Why did she have to wait until a pregnant teenager came in before she considered her own situation, and the fact that she’d had unprotected sex with the one man in the world she shouldn’t have?

But her mind grew cloudy so thinking of the possible consequences got muddled up with the remembered warmth—no, heat—the act had brought with it.

She made a mug of tea, grabbed a couple of biscuits from the never-empty tin, and sat down to muse.

Well, to think really, mostly about consequences of actions, but there was more musing than thinking going on.

Marty’s arrival put paid to both. Her mind went blank and she could only stare at him.

‘You shouldn’t be here,’ he said, and she recovered enough to point out, ‘Neither should you.’

Then he was sitting on the sofa beside her, close but not too close—annoyingly not too close, but she wouldn’t think about that either.

‘Oh, Em,’ he said, and even the shortening of her name made her feel warm. ‘I’m so sorry. I didn’t think, I didn’t ask—Hell, what if—?’

She put her hand on his knee, wishing he was closer, knowing the wish was stupid.

‘It’s as much my fault as yours, and it’s highly unlikely that there’ll be any fallout so don’t worry about it.’

‘Not worry about it?’

His voice had risen and she touched her finger to his lips to hush him, then grew hot and breathless as he slid his tongue along it and closed his lips against the tip, sucking it gently.

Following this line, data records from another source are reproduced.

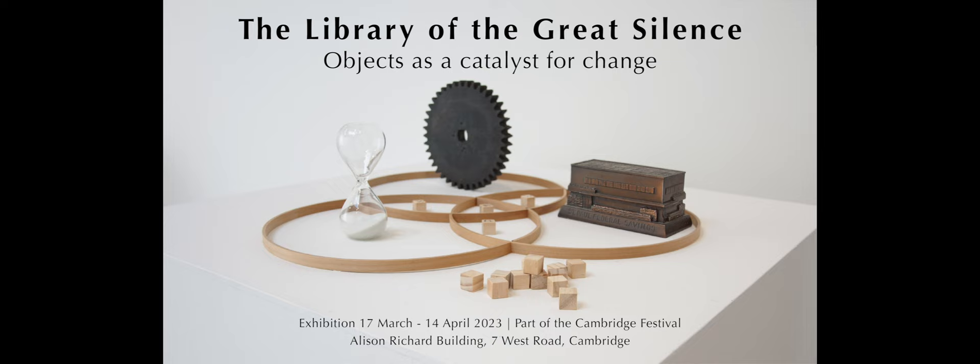Welcome, everyone, to this event on the Library of the Great Silence here at the Alison Richard Building. My name is Judith Weick, and I am the Communications Manager at CRASH, and I'm also an artist, and I coordinate the exhibitions program at the Alison Richard Building.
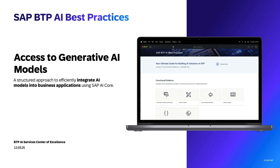Welcome to the session on Access to Generative AI Models as part of SAP BTP AI Best Practices. We will explore how to efficiently integrate generative AI models into business applications using SAP AI Core. By the end of this session, you will have a clear understanding of the principles, best practices, and implementation guidelines. Let's get started.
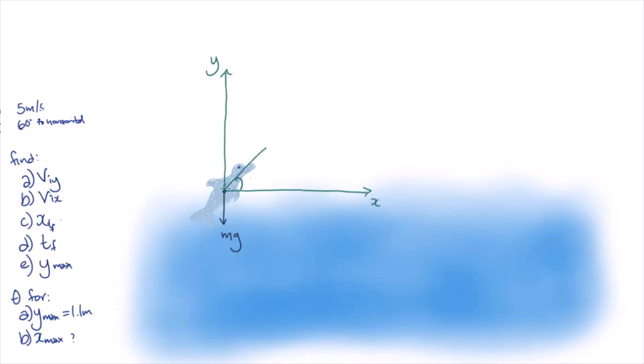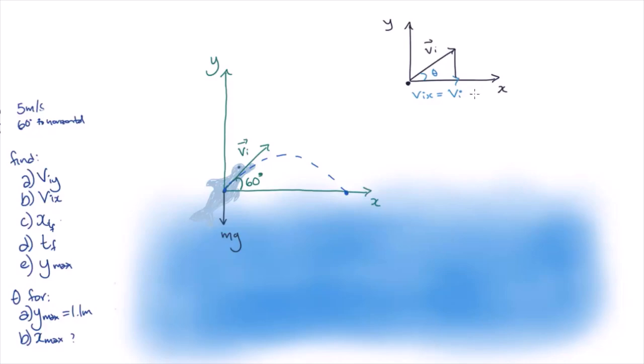Firstly, we're going to calculate the initial vertical and horizontal velocities. We can draw a component diagram of the velocity, and we can see that we can calculate v_ix and v_iy from trigonometry.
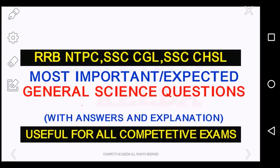Hi friends, hello and welcome to Competitive KEDA. Now the IBPS CLARP MENG's exam is over and you have one more exam coming ahead — that is the RRB NTPC. We are going to discuss some questions today from general science which are very important for the RRB NTPC, SSC CGL and many other competitive exams. And when we are talking about RRB NTPC, we all know how important this general science section is. So without any delay, let's move to the first question.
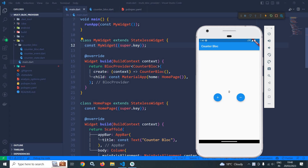Welcome back everyone. In this video I will discuss multi block provider. This is a simple counter block project — if I click on plus the value increments, if I click on minus the value decrements. I have already discussed this project in my Flutter bloc playlist. My new requirement is to create a container with the color as Colors.purple. If I click on plus the color will change to green, and if I click on minus the color will change to red, along with incrementing or decrementing the counter value.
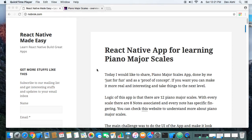Welcome to React Native Made Easy tutorials. Today I'm going to share my experience of developing a piano major scales app using React Native. Piano major scales are fundamentals of learning piano, so this app helps users learn those fundamentals. I developed it just for fun and as a proof of concept, so I didn't have much time to take it to the next level.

It took a mammoth effort but she finally removed it.

‘We can’t do this,’ she said, and if she sounded desperate, well, that was just how she felt.

He shifted, nodded, shrugged, stood up, then reached down to touch her cheek.

‘You will tell me if you’re pregnant,’ he said, his voice harsh with an emotion she couldn’t read.

She nodded, not at all sure she would.

If it happened, and that was one huge if, she’d think about it then—think about what was to be done, what would be the best way forward. But not today. It would be like when Simon had been dying and she would only let herself think of one day at a time.

Although that had been totally different—back then it had been death she’d been desperately trying to hold off.

But life?

A new life?

She had no idea how she’d feel about that.